For any other frontiersmen and women working at low levels, here are the changes to Xcode that I’ve had to deal with so far.

  • Under Lion Xcode is installed as an ordinary application, so the paths to the toolchain libraries and executables are all a little different. In particular, OCamlXARM (unfortunately) depends on a hard-coded path to the ARM assembler.

  • The meaning of the assembly directive “.align 0” has changed, presumably due to the switchover from the old-school assembler to the LLVM one. Formerly this caused 4-byte alignment, but now it calls for no special alignment (which is the natural meaning). Change OCamlXARM to emit “.align 2” instead.

  • Also add an alignment directive to the .text section of the low-level assembly support file arm.S.

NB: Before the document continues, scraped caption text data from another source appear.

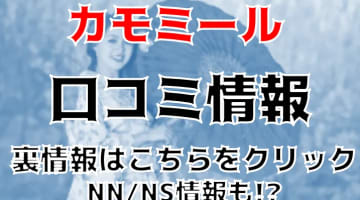 NN/NS体験談！吉原のソープ”カモミール”で嬢のアソコをいじめ抜いた！料金・口コミを公開！【2024年】のサムネイル画像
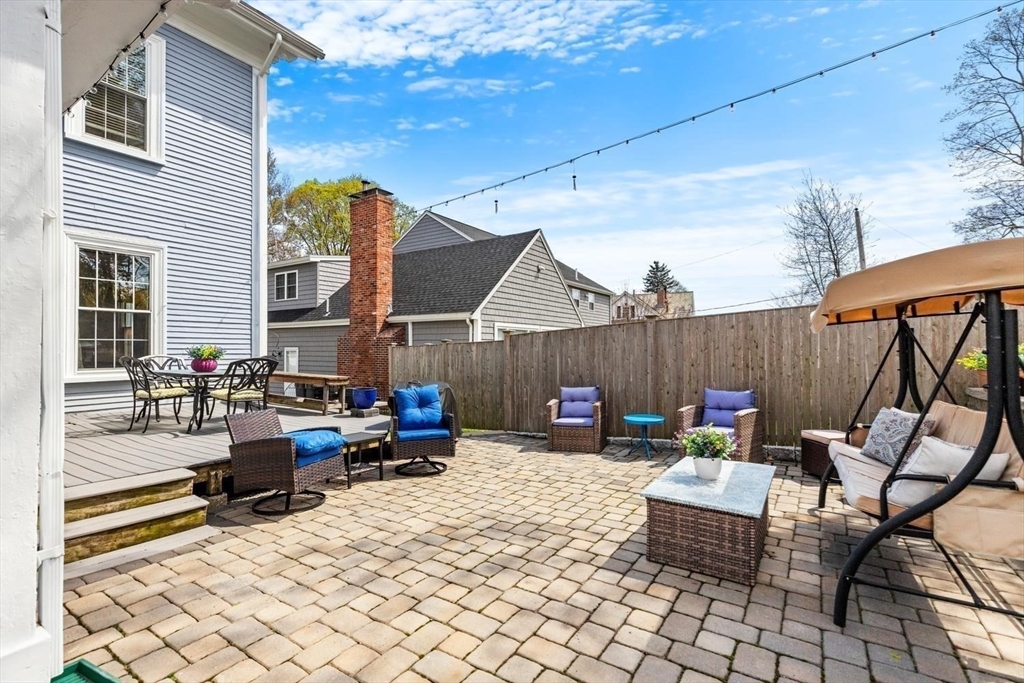 32 Lincoln Road Medford, MA 02155 - Photo 33 of 42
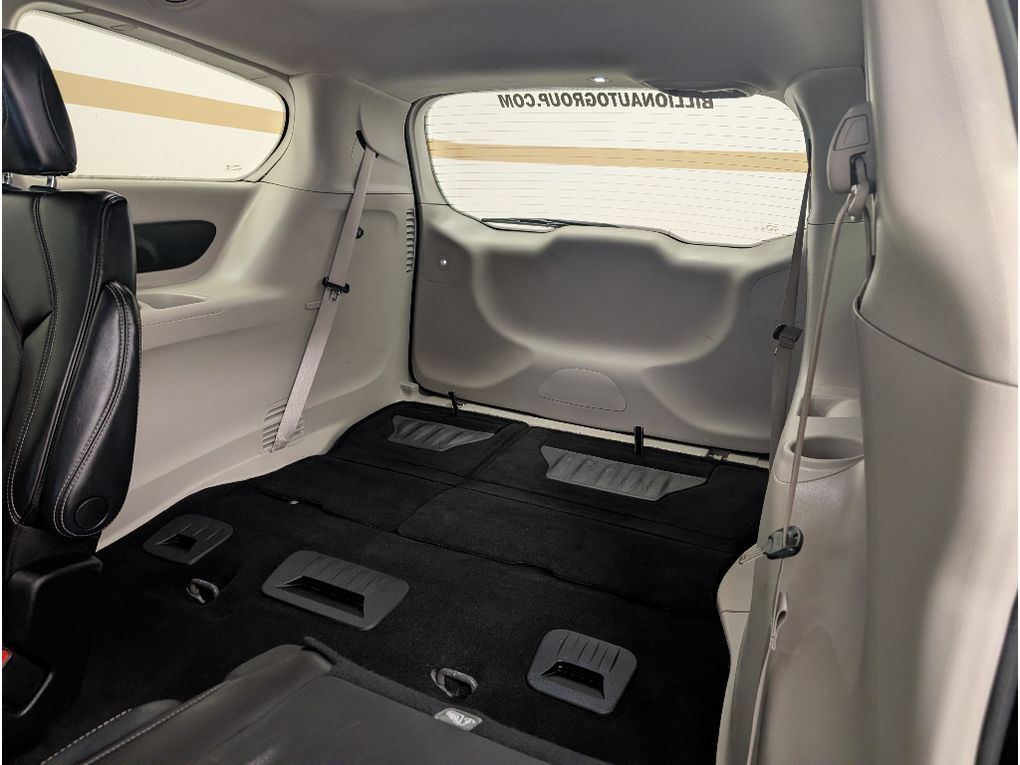 2023 Chrysler Pacifica Touring L Bozeman MT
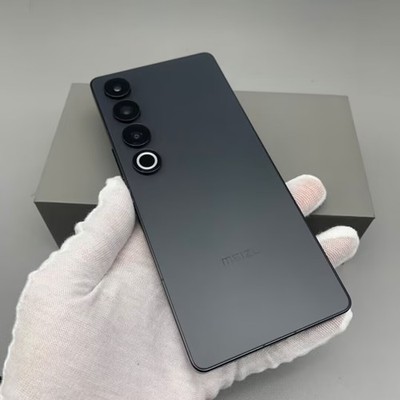 Meizu 21 Pro 5G 6.79'' 50MP 256/512GB 1TB Flyme OS Snapdragon 8 Gen 3 Unlocked
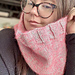 Easy Peezy Cowl pattern
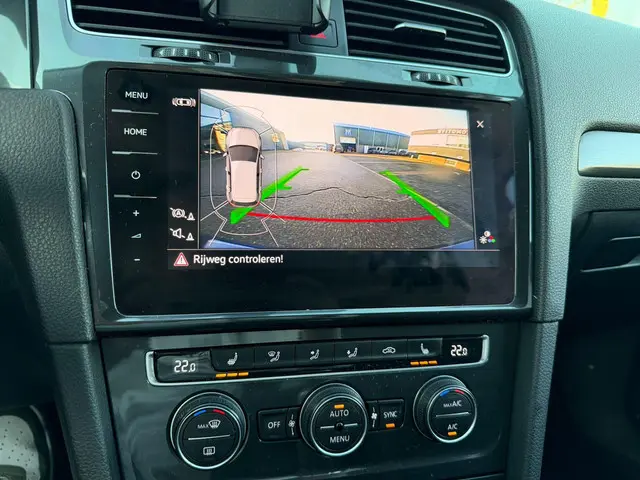 Volkswagen e-Golf e-Golf 2019 Elektrisch 21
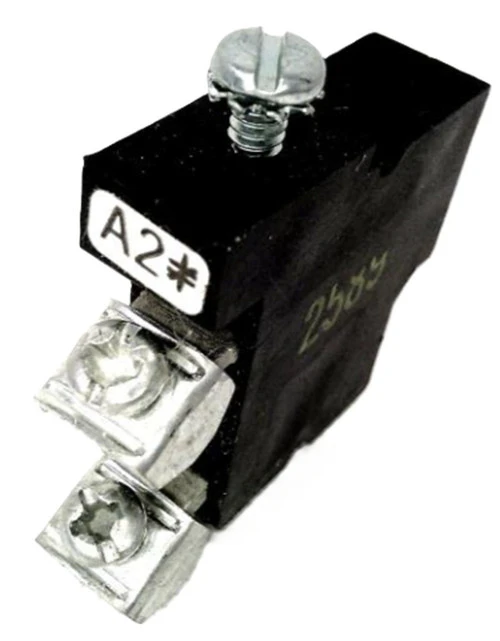 Cutler-Hammer Eaton C300KA2 Auxiliary Contact Block, 1 Normally Closed [New]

  • The ARM back end of OCamlXARM produces armv6 instructions. The latest Xcode is configured to build armv7 executables by default. It’s possible, but a little difficult, to convince Xcode to build armv6 instead. For now I’ve decided this is the best approach. It would probably not be too difficult to mark the OCamlXARM output as armv7, but the benefits would be modest since the compiler would still emit the same instructions. (This is something to look at again after upgrading OCamlXARM to work with a modern OCaml compiler version.)

I’ll test more thoroughly, then I’ll release the OCamlXARM patches and binary for Lion.